A Biographical Sketch of My Conversion Experience (Part 2) by Joe Lamay
Then in January of 1981, at the age of nineteen, I began to develop an insatiable desire to read the bible. Up to this point in my life, I never had anyone share the Gospel with me nor speak about a personal conversion experience. I know there must have been some “Jesus Freaks” in my high school, but I didn’t know any. So I had no category for a biblical understanding of a personal, saving relationship with Jesus Christ. I just found myself day after day picking up the family Bible that sat on the coffee table for years but was never opened except to record baptisms, confirmations, and marriages. Knowing nothing about the Bible, I roamed around in what I think was Genesis until I found the red letters in one of the Gospels and realized they represented Jesus’ sayings. I was captivated by the self-authenticating words of Jesus.
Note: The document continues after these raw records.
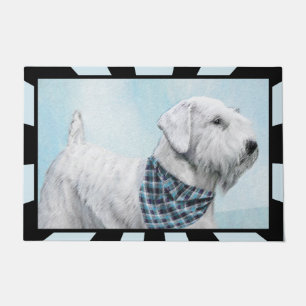 Sealyham Terrier Painting - Cute Original Dog Art Doormat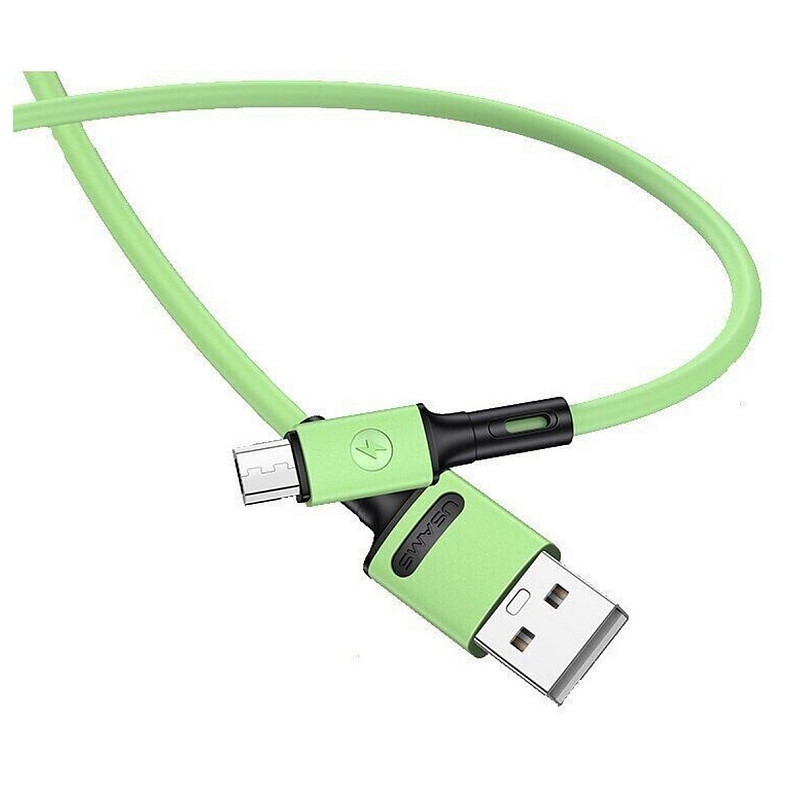 Кабель Usams US-SJ435 USB - Micro USB, 1 м, Green (SJ435USB02)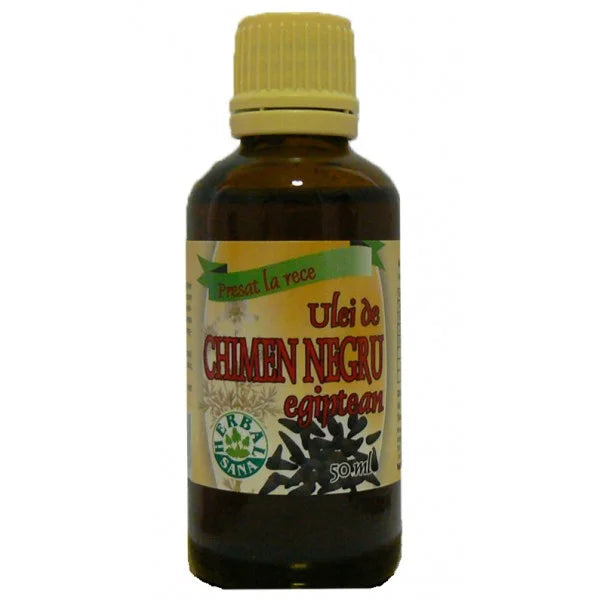 Ulei de Chimen Negru Presat la Rece, 50 ml (Uz Intern)-HERB.00572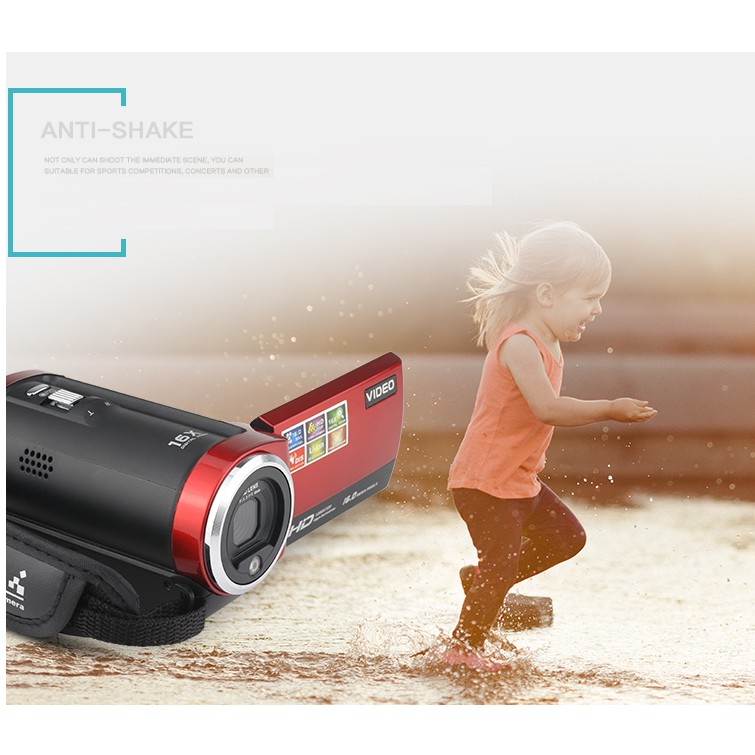 Máy quay phim cầm tay ELITEK HD DIGITAL VIDEO 16X(Đỏ) | BigBuy360 - bigbuy360.vn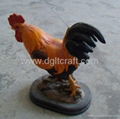 Colorful Resin Cock Rooster 1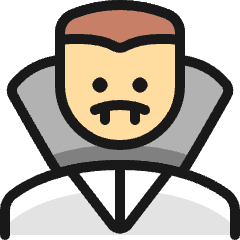 Halloween Vampire Icon from Ultimate Colors Set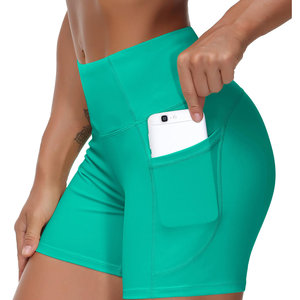 Leggings y Shorts de Yoga Deportivos para Mujer, Cintura Elástica, Ropa Deportiva para Exteriores, Tejido Elástico, Logotipo Personalizado - Product Image 5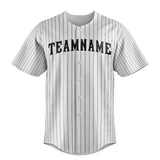 Custom White & Black Black Pinstripe Fan Baseball Jersey BB01240531LH511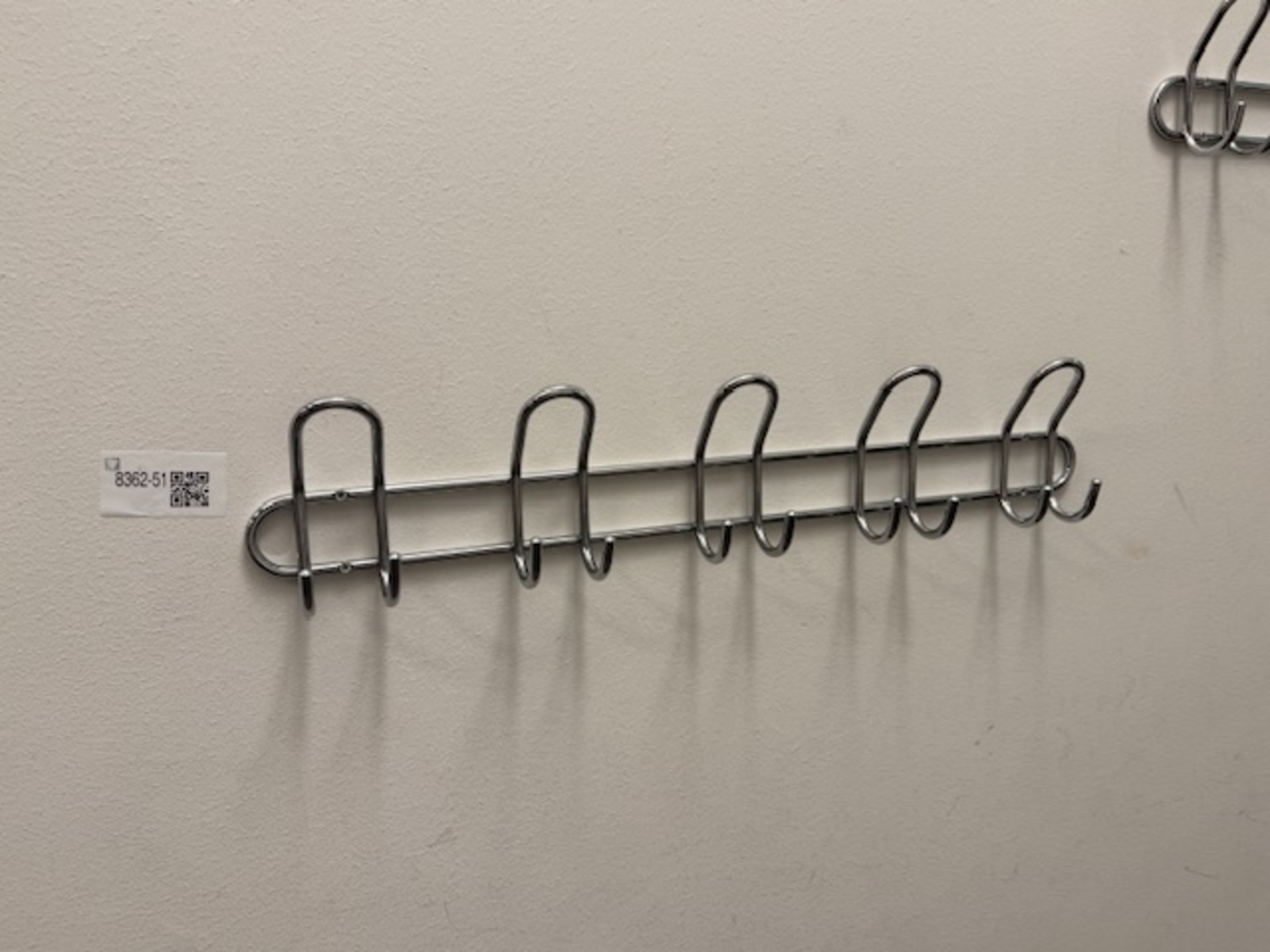 4x Wandkapstok, 10-haaks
Then I was overcome by the culmination of his purpose in life, which was to die in the place of sinners in order to bring total and everlasting forgiveness to them.
During these days, it felt as if I were the only person in the world who was obsessed with Jesus and his death on the cross. I was utterly convinced that somehow he was the answer to everything. If someone were spying on me as I sat there on the living room couch reading the Bible, they would have witnessed a calm silence not knowing that inside of me there was a hurricane blowing. The wind of the Spirit was saying, “This is true! This is the answer to the turmoil you have been going through over the last six months. This is the answer to the problem of existence as a finite, sinful, death-doomed nineteen-year-old kid.” While reading one of the Gospels during these early weeks of 1981, I walked into the kitchen and said to my mom, “Why didn’t you ever tell me about Jesus?” I now realize that that was not a statement about my mom, but it was the fruit of seeing the reality of Jesus Christ with the eyes of my heart. The wind blew through my heart as Jesus said, “The wind blows where it wishes, and you hear its sound, but you do not know where it comes from or where it goes. So it is with everyone who is born of the Spirit.” (John 3:8).
I was coming to grips with what Pascal went on to say: “There once was in man a true happiness of which now remains to him only the empty trace, which he in vain tries to fill from his surroundings, seeking from things absent the help he does not obtain in things present. But these are all inadequate, because the infinite abyss can only be filled by an infinite and unchangeable object, that is to say, only by God Himself.” In other words, inside each of us is a God-shaped vacuum. We all come into this world with a longing for joy and meaning and significance that cannot be satisfied by anything other than the presence of God Himself.
I was still a pot-smoking drunk, but something was different. And what was different was that I had a deep affection for Jesus and what he accomplished on the cross 2,000 years ago. It felt that true happiness may actually be attainable, that the person of Jesus may be the one true object that fits this gaping hole inside of me.
This new hunger led me to enroll in a course about the New Testament at the local community college. The class consisted mainly of middle-aged people, along with this nineteen-year-old kid; all of whom were searching for answers. So there I would be on a Wednesday evening, sitting in my car in the college parking lot, smoking a joint as I guzzled another beer. But that did not keep me from looking forward to this three-hour course on the New Testament once a week. During this time, I had no paradigm that said smoking pot or getting drunk was incongruent with reading the Bible and hoping it was true. I was the same guy, hanging out with the same friends, going to the same parties, buying the same quarter-ounce of marijuana a week, and getting drunk on a daily basis. It’s just that now I was blown away with a deep sense that Jesus’ death and resurrection was at the essence of the meaning of life. I would even say to friends, while getting high with them, “Hey, have you ever read the Bible. This Jesus stuff just blows me away. You’ve got to read it.”